Perdana Menteri Israel Benjamin Netanyahu pun bersumpah negaranya akan melakukan pembalasan lewat “balas dendam besar” dan bersiap untuk “perang yang panjang dan sulit”.
Lantas siapa sebenarnya kelompok militan Hamas yang menyerang Israel?
Melansir dari Al Jazeera, Hamas merupakan akronim dari Ḥarakah al-Muqāwamah al-ʾIslāmiyyah atau dapat diartikan secara harfiah sebagai Gerakan Perlawanan Islam.
Dalam bahasa Arab, Hamas juga dapat diartikan sebagai “zeal” atau “semangat”.
Secara politis, Hamas bergerak secara aktif di Jalur Gaza, wilayah dengan luas sekitar 365 kilometer persegi yang dihuni oleh lebih dari dua juta penduduk Palestina.
Namun, rakyat di daerah Gaza tidak dapat mendapatkan akses menuju teritori Palestina lain, karena blokade yang dilakukan oleh Israel.
Di wilayah Jalur Gaza, Hamas telah berkuasa sejak 2007 usai perang singkat melawan pasukan Fatah yang saat itu berada di bawah kekuasaan Presiden Mahmoud Abbas, pemimpin Palestinian Authority and Palestine Liberation Organization (PLO).
Hamas sendiri didirikan di Gaza pada 1987 oleh seorang imam bernama Sheikh Ahmed Yazin dan ajudannya bernama Abdul Aziz al-Rantissi. Pendirian Hamas tak lama setelah terjadinya Intifada, sebuah pemberontakan melawan pendudukan Israel di wilayah Palestina.
Gerakan Hamas bermula sebagai cabang dari Ikhawnul Muslimin di Mesir yang menciptakan sayap militer bernama Izz al-Din al-Qassam Brigades, untuk melancarkan perjuangan bersenjata melawan Israel serta dengan tujuan utama membebaskan wilayah Palestina yang bersejarah.
Selain itu, Hamas juga menyediakan berbagai program kesejahteraan sosial bagi rakyat Palestina yang menjadi korban pendudukan Israel. Berbeda dengan PLO, Hamas tidak mengaku kedaulatan negara Israel namun menerima status negara Palestina berdasarkan penetapan wilayah dan batas negara tahun 1967.
“Kami tidak akan menyerahkan sejengkal pun dari tanah air Palestina, terlepas dari tekanan-tekanan terbaru dan terlepas dari berapa lama pendudukan ini,” kata Khaled Meshaal, salah seorang pemimpin Hamas yang diasingkan, pada 2017.

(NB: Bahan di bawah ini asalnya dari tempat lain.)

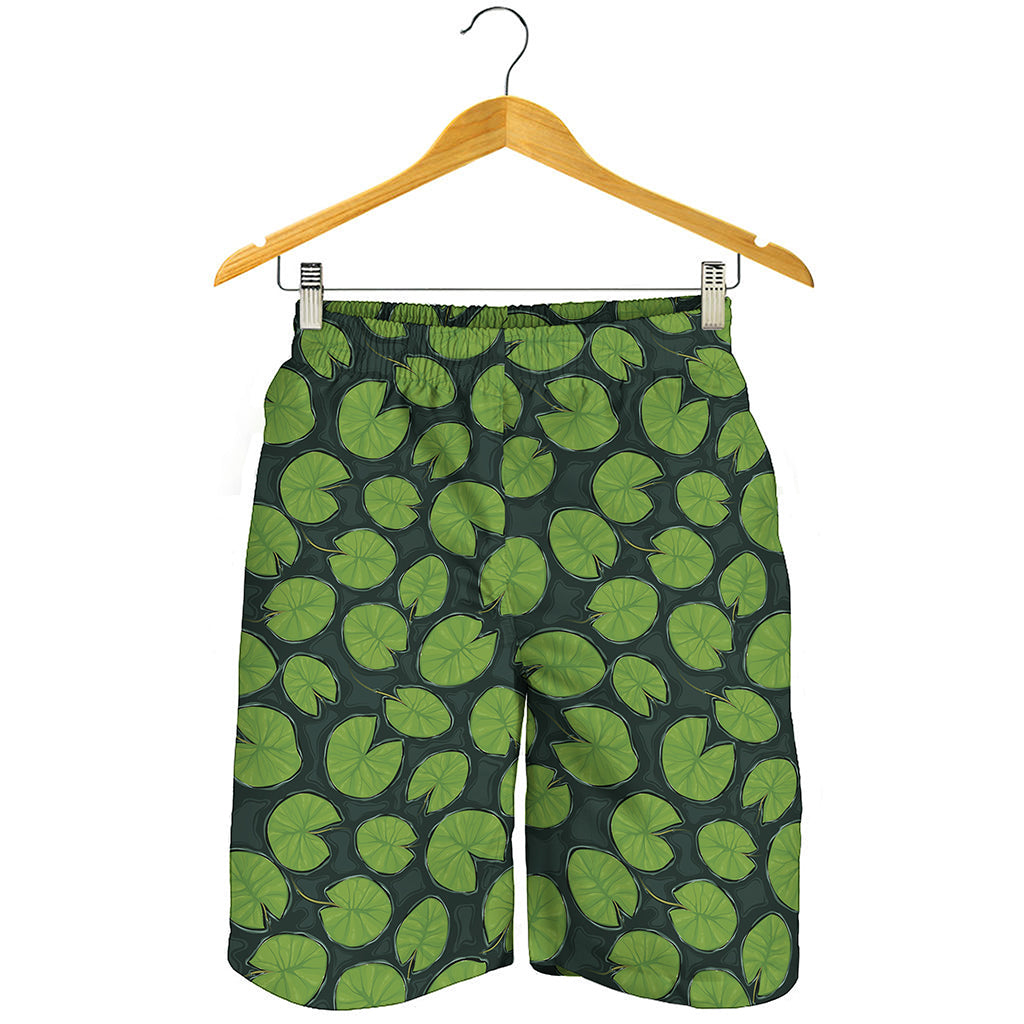 Water Lily Pads Pattern Print Men's Shorts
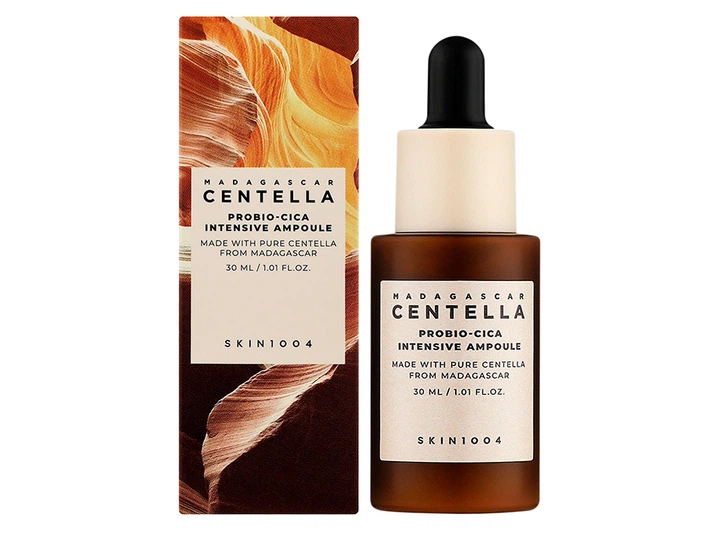 Восстанавливающая сыворотка для лица с пробиотиками SKIN1004 Madagascar Centella Probio-Cica Intensive Ampoule, 30мл (8809913830634) - изображение 3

Secara tegas, Hamas menentang perjanjian perdamaian Oslo yang melibatkan Israel dan PLO pada pertengahan 1990-an lalu. Kelompok ini secara resmi berkomitmen untuk mendirikan negara Palestina dalam batas-batasnya sendiri.
Dalam mencapai tujuannya, Hamas kerap melakukan serangan terhadap tentara, penduduk dan warga sipil Israel, baik di wilayah Palestina yang terjajah, maupun di wilayah kedaulatan Israel.